Michaels v. Johnson

On Petition for Rehearing

Prime, J.

— Appellant on March 13, 1967, filed his Petition for Rehearing supported by briefs. Appellee on March 17, 1967, filed her Petition to Dismiss Petition for Rehearing setting out that the Appellant has failed to comply with Supreme Court Rule 2-22. Rule 2-22 is as follows:

Application for a hearing of any cause shall be made by petition, separate from the briefs, signed by counsel, and filed with the Clerk within twenty (20) days from rendition of the decision, stating concisely the reasons why the decision is thought to be erroneous. Such application may, if desired, be supported by briefs, but such briefs will not be received after the time allowed for filing the Petition.

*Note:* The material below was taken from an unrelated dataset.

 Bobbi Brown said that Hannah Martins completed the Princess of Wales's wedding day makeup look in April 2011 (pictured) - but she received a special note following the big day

Parties opposing the rehearing may file briefs within ten (10) days after the filing of the Petition.

We see no failure to comply with the above rule on the part of the Appellant and the Petition to Dismiss the Petition for Rehearing is denied.

The Appellant urges that he be granted a rehearing because he was led to believe that he had properly presented *393his appeal on the merits of an order of this court which granted permission to the Appellant to amend his Reply Brief.

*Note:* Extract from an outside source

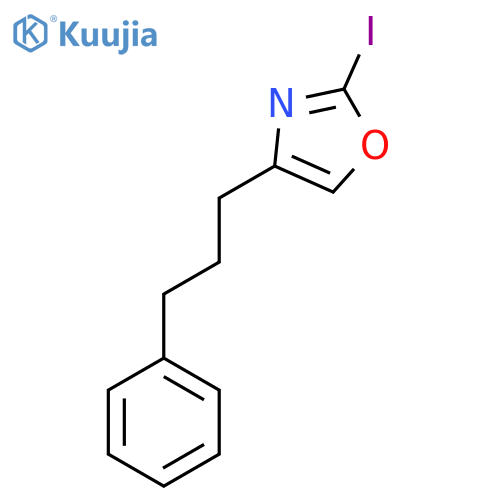 2-Iodo-4-(3-phenylpropyl)-1,3-oxazole structure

The Appellant contends that the order granted authority to him to include part of the concise statement of the record in his Reply Brief, and that since he did this he was under the impression that he was properly before the court on the merits.

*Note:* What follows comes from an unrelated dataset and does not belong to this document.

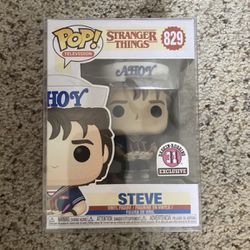 Funko Pop Television: Stranger Things Scoops Ahoy Steve #829 Baskin Robbins Excl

The record shows that the petition to include the missing parts of the record in the Reply Brief bore the same date as the actual Reply Brief, (i.e. February 7, 1966).

The Appellant did not wait to have his petition acted upon but filed the Reply Brief the same day. This in itself is no violation per se, but it does give rise to the thought that, had the petition been denied, the Reply Brief would have contained unauthorized material.

The materials omitted in the brief in chief were included in the Reply Brief but it must be remembered that the Appellee had no opportunity to answer at that point.

It is regretable that the Appellant was under the impression that he had complied with the rules by reason of the order issued by the court. However, we must again state that the petition was considered to be a petition to amend the Reply Brief in some particular.

It would be a gross violation of the Supreme Court Rules to allow sixty-six pages of original record to be inserted in a reply brief with no opportunity given the Appellee to answer.

This court has said repeatedly that it desires to consider all cases on the merits but in some instances we are unable to do so. This is such a case.

The Petition for Rehearing is denied.

Petition denied.

Cooper, C. J., Carson, Faulconer, JJ., concur.

Note. — Rehearing denied 225 N. E. 2d 581.